▶ _Problem to work on_: Print the listing in its entirety and exactly, leaving out images.

▶ _Source material_:
· · · · · · ·

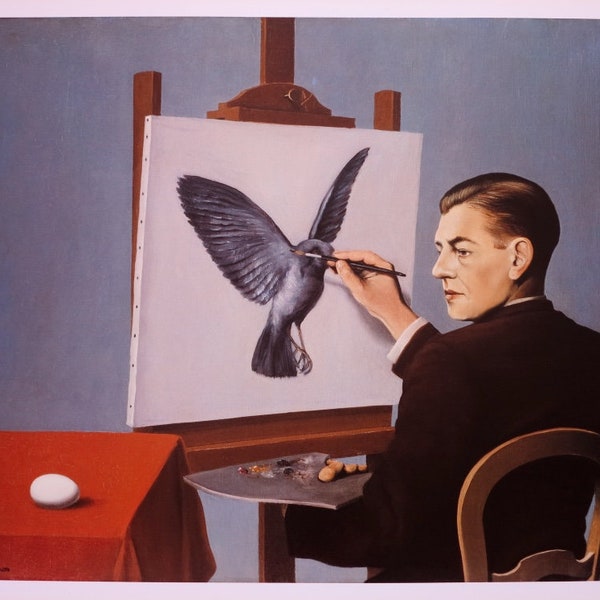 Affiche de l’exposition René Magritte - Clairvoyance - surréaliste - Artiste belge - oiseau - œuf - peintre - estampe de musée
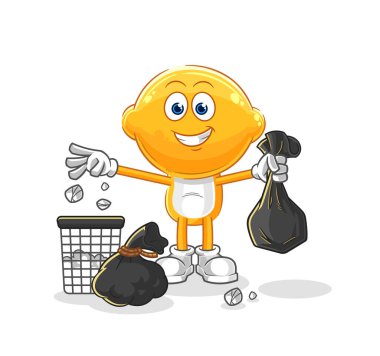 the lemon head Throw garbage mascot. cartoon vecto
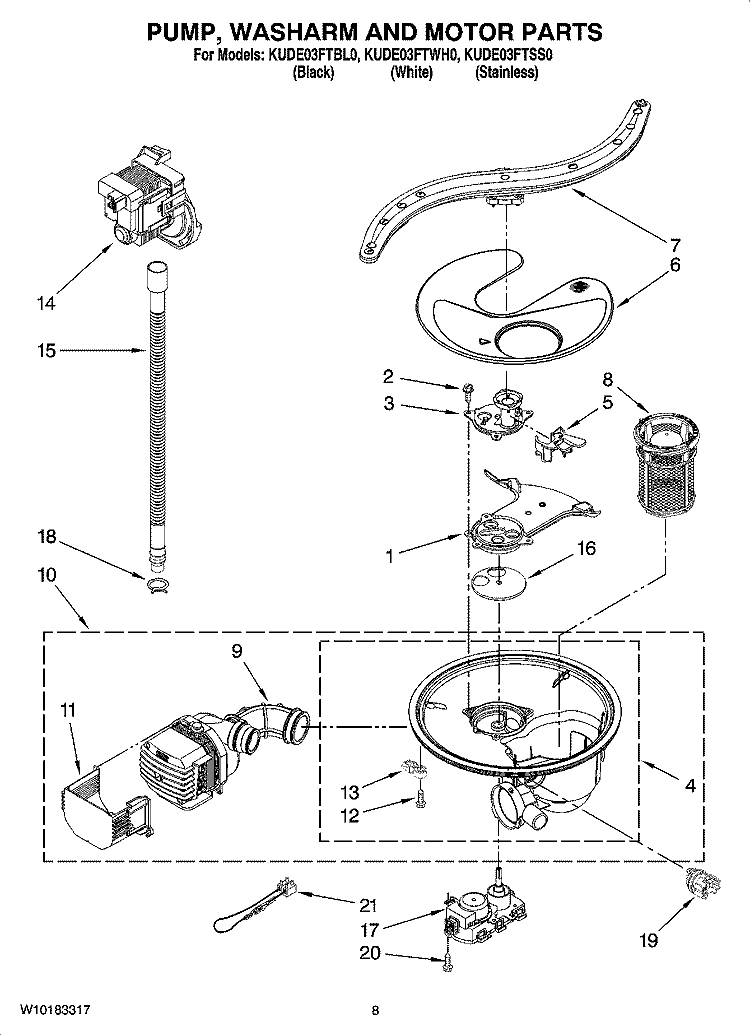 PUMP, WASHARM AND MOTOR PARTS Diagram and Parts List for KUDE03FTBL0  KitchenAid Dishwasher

· · · · · · ·

▶ _Result of this exercise_:
 Affiche de l’exposition René Magritte - Clairvoyance - surréaliste - Artiste belge - oiseau - œuf - peintre - estampe de musée
 the lemon head Throw garbage mascot. cartoon vecto
 PUMP, WASHARM AND MOTOR PARTS Diagram and Parts List for KUDE03FTBL0  KitchenAid Dishwasher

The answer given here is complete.